▶ EXTRACTED INFORMATION
——
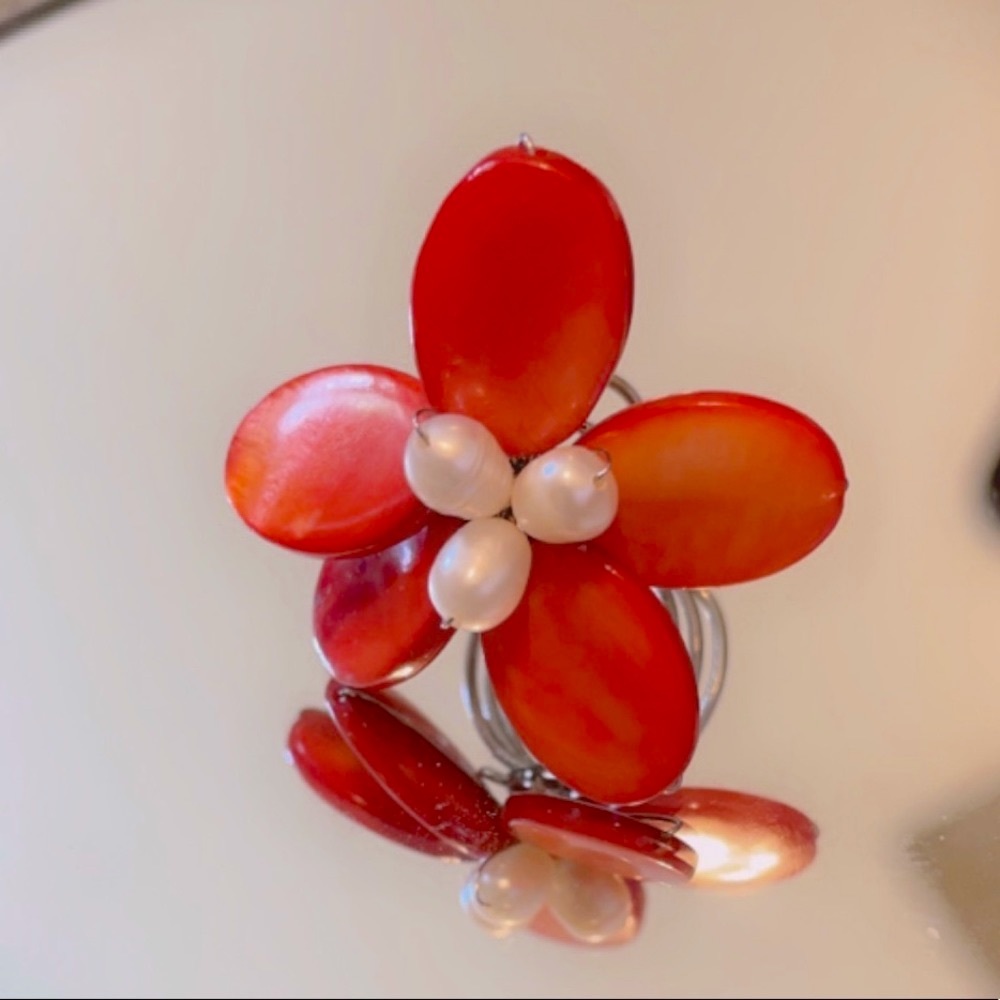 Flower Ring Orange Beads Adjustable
——
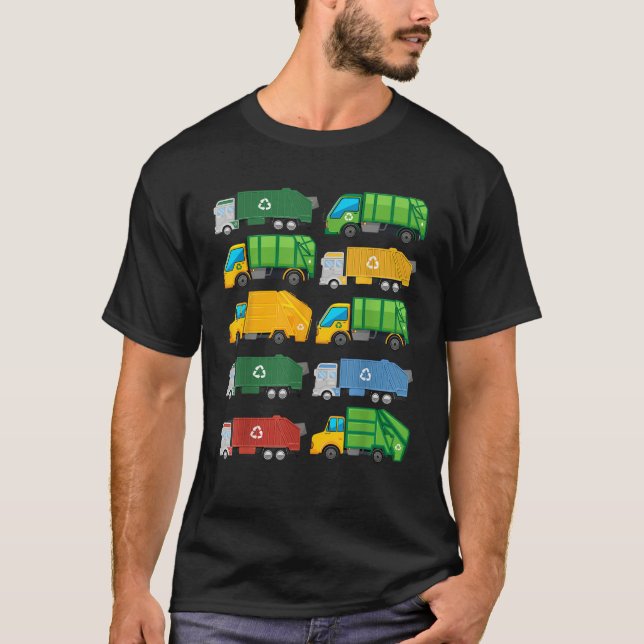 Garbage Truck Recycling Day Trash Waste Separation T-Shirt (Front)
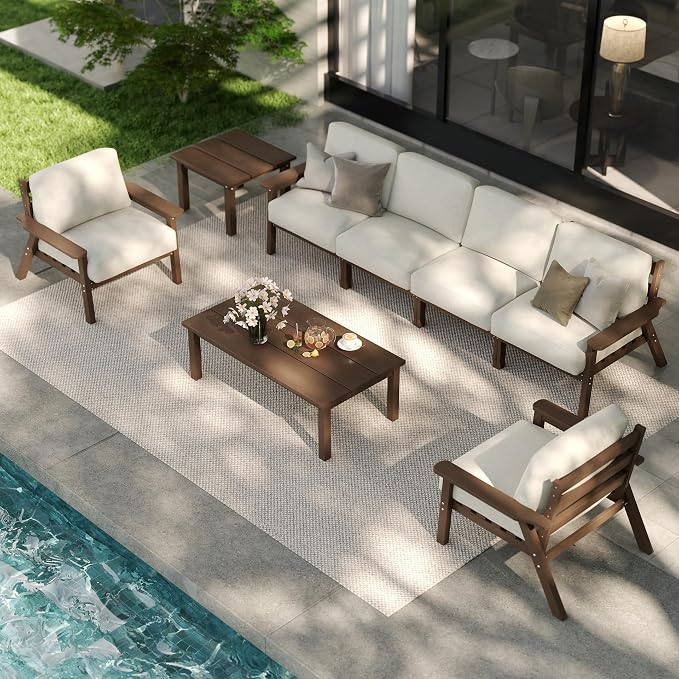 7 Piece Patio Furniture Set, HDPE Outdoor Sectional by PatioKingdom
——
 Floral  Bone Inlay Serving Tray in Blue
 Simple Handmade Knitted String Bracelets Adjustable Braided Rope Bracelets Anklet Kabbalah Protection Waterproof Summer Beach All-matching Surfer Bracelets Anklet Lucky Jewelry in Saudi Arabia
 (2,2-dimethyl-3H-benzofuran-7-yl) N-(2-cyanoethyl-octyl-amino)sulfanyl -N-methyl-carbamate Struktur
——
▶ TASK TO CARRY OUT
Write out the lines above from the one with "Garbage Truck Recycling" through the one with "7 Piece Patio", ends included, exactly; no picture goes in.

▶ RESPONSE AREA
 Garbage Truck Recycling Day Trash Waste Separation T-Shirt (Front)
 7 Piece Patio Furniture Set, HDPE Outdoor Sectional by PatioKingdom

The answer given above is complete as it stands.